Sears’ impending closure leaves Great Northern Mall management and customers worried about the repercussions of losing the longtime anchor store. The news is compounded by concerns about the future of two other anchor stores, JCPenney and Macy’s, both of which have reported financial challenges.
Great Northern officials weren’t given notice of Sears’ current liquidation sale and impending closing, said mall General Manager Kristin Cala. “We found out when everybody else did,” she said.
Sears is one of the original anchor stores for the mall, which opened in 1976. The departure leaves Dick’s Sporting Goods and Dillard’s as the anchor stores, along with JC Penney and Macy’s.
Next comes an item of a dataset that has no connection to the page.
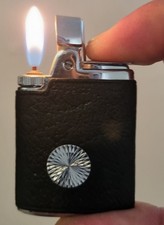Ronson Varaflame Victor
Officials at Great Northern and Starwood Retail Partners, the Chicago firm that runs the mall, are considering the implications of Sears’ closing. “Our corporate officials are always reviewing different potential strategies and options about leasing and other potential opportunities,” Cala said.
Starwood officials did not return a phone call.
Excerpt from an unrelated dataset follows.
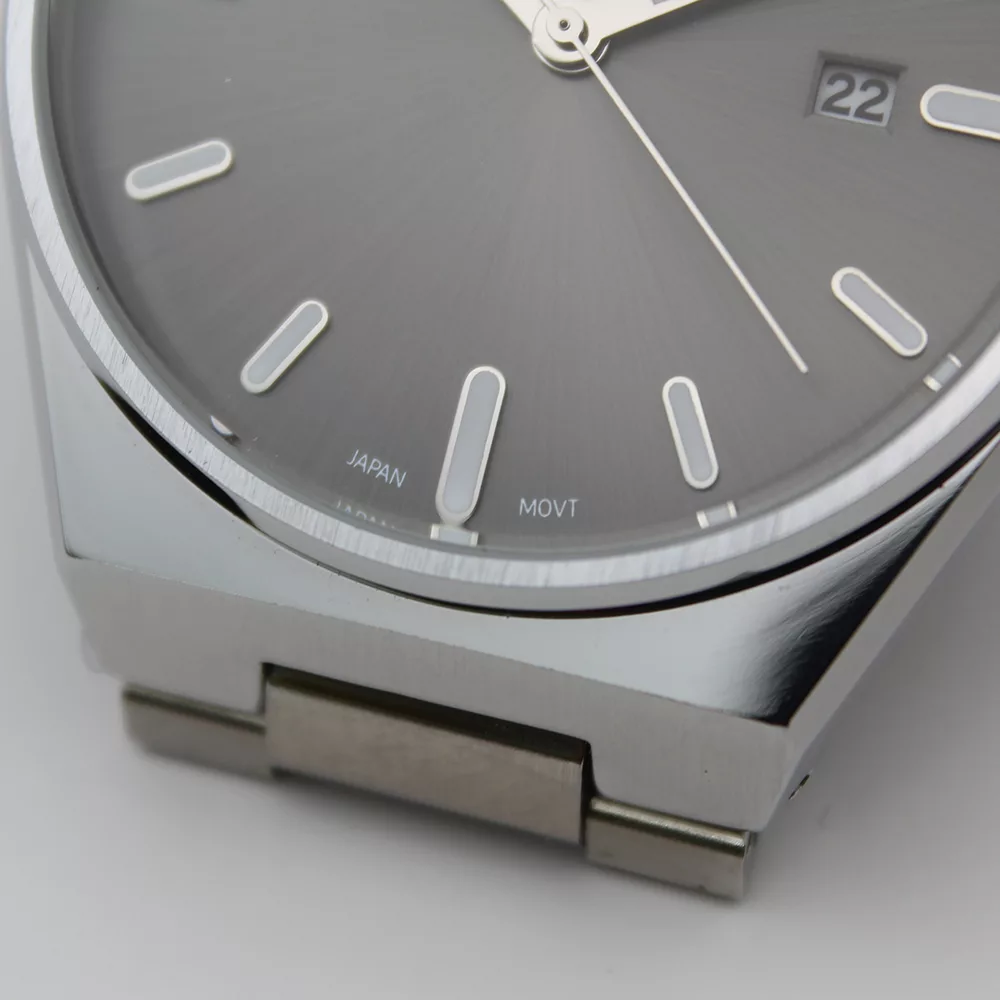 ساعت مچی عقربه‌ای کوارتز مردانه کرست مدل 6287-5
Sears has not told her its closing date, Cala said, adding that she doesn’t know how many employees work at the Great Northern store. Store managers referred questions to the corporate office. However, Sears corporate officials declined to comment.
Pat Mears, 54, of North Olmsted, has been shopping at Sears for more than 30 years. A retired tool and die worker at Voss Aerospace, Mears bought a wide range of lawn and home care equipment at the store.
“I didn’t want a bunch of junk,” Mears said. “What I got from Sears was high quality and I knew I could do good work with them. I also could get them repaired when I needed to and replace them with something good when the time came to get something new.”
Mears said he can go to other stores for equipment, but added it will be an adjustment.
“I trusted what I got from Sears because it worked well and lasted,” Mears said.
Despite the coming loss of Sears, Cala said she is encouraged by what she sees in the mall.
“We’re seeing an increase in foot traffic,” Cala said. “People are coming out more and as we continue to work on getting things back up again, we should see more business and interest in what is going on at the mall.”
North Olmsted city officials also are preparing to deal with the loss of Sears.
“It’s the end of an era, no doubt about that,” said Councilman Paul Schumann, the finance committee chairman. “It was just about the last Sears in Ohio. It’s tough because people will be losing jobs and that’s sad. I don’t know how much of an economic impact it will have because I’m not sure if they were doing a lot of business lately.”